— Action item —
Your answer must be the full listing, word for word, with no images in it.

— Information supplied —
--- START ---

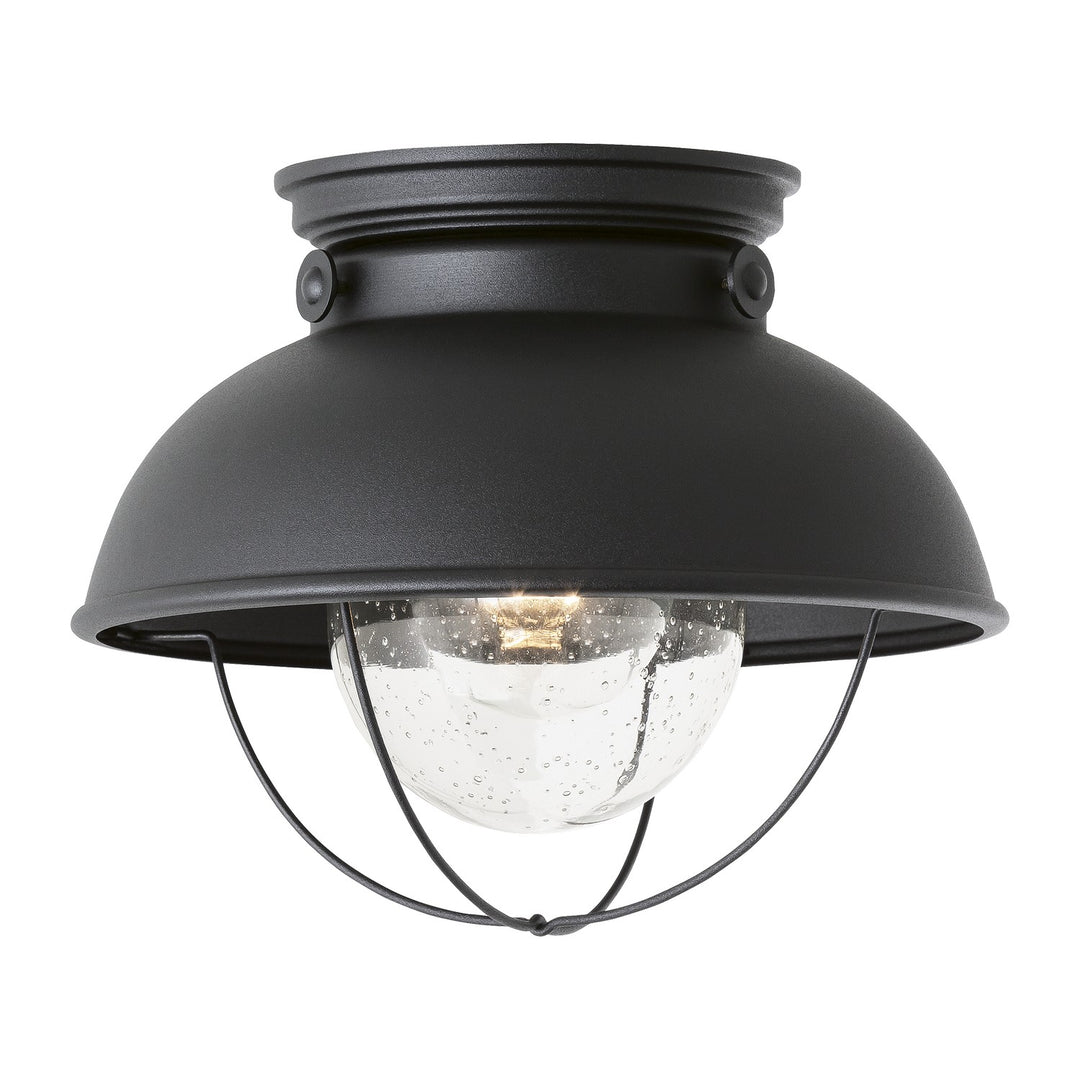 Generation Lighting Canada - 8869EN3-12 - One Light Outdoor Flush Mount - Sebring - Black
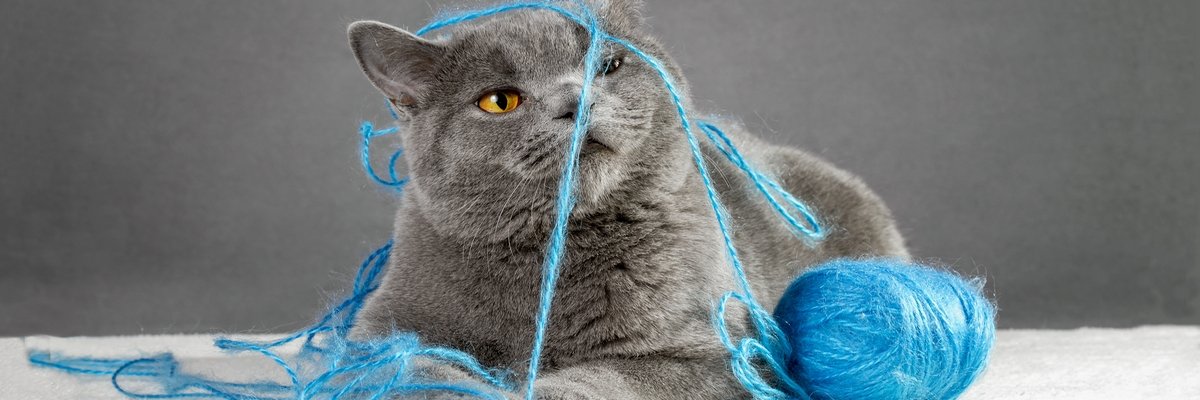 Paw Patrol: How AI and IoT are driving preventative pet care | Computer Weekly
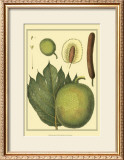 Exotic Melons I Posters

--- END ---

— Written answer —
 Generation Lighting Canada - 8869EN3-12 - One Light Outdoor Flush Mount - Sebring - Black
 Paw Patrol: How AI and IoT are driving preventative pet care | Computer Weekly
 Exotic Melons I Posters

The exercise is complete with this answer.